Source material:
§ §
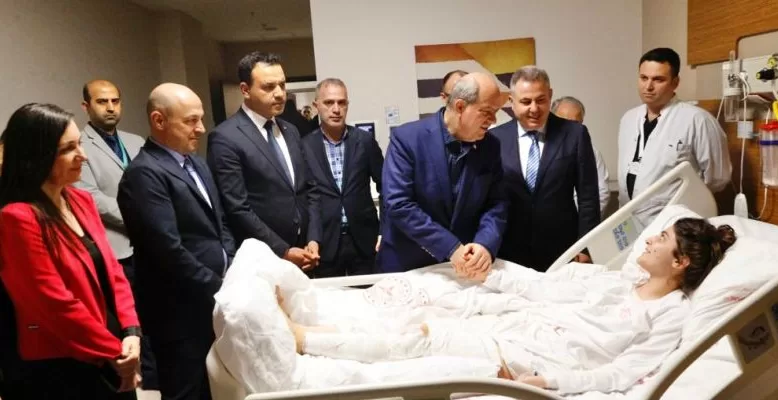 Cumhurbaşkanı Tatar, depremzedeleri ziyaret etti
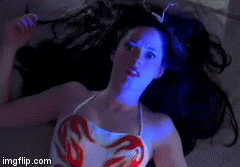 Rose McGowan knocked out3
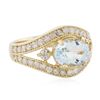 Image 2 : 14KT Yellow Gold 1.96ct Aquamarine and Diamond Ring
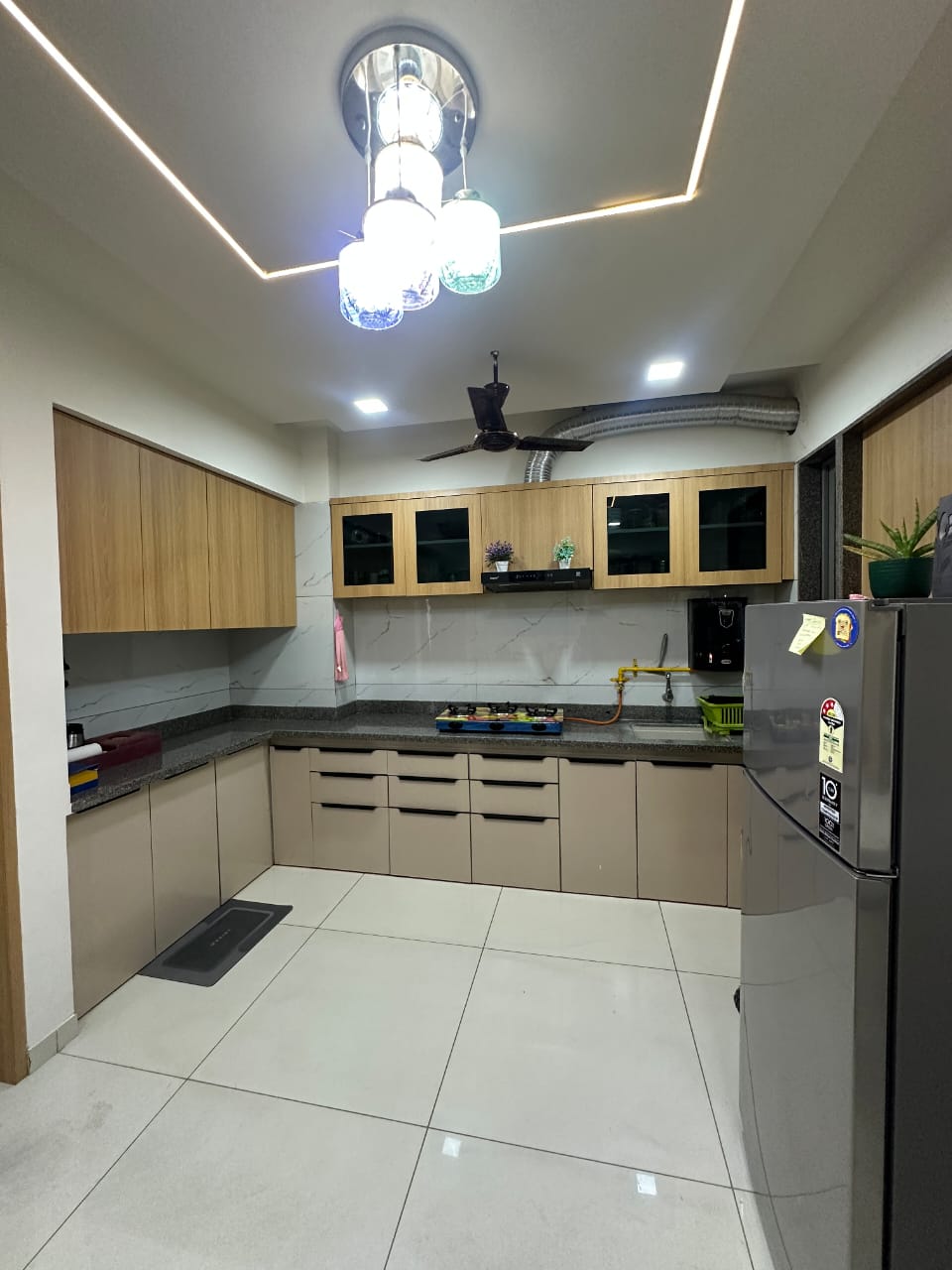 3 BHK 1480 Sq. Ft. Residential Flat / Appartment for Rent in Vaishnodevi Ahmedabad - Media 8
§ §
Task statement: Please retype the listing in full, exactly as given, and skip every image.

Your response:
 Cumhurbaşkanı Tatar, depremzedeleri ziyaret etti
 Rose McGowan knocked out3
 Image 2 : 14KT Yellow Gold 1.96ct Aquamarine and Diamond Ring
 3 BHK 1480 Sq. Ft. Residential Flat / Appartment for Rent in Vaishnodevi Ahmedabad - Media 8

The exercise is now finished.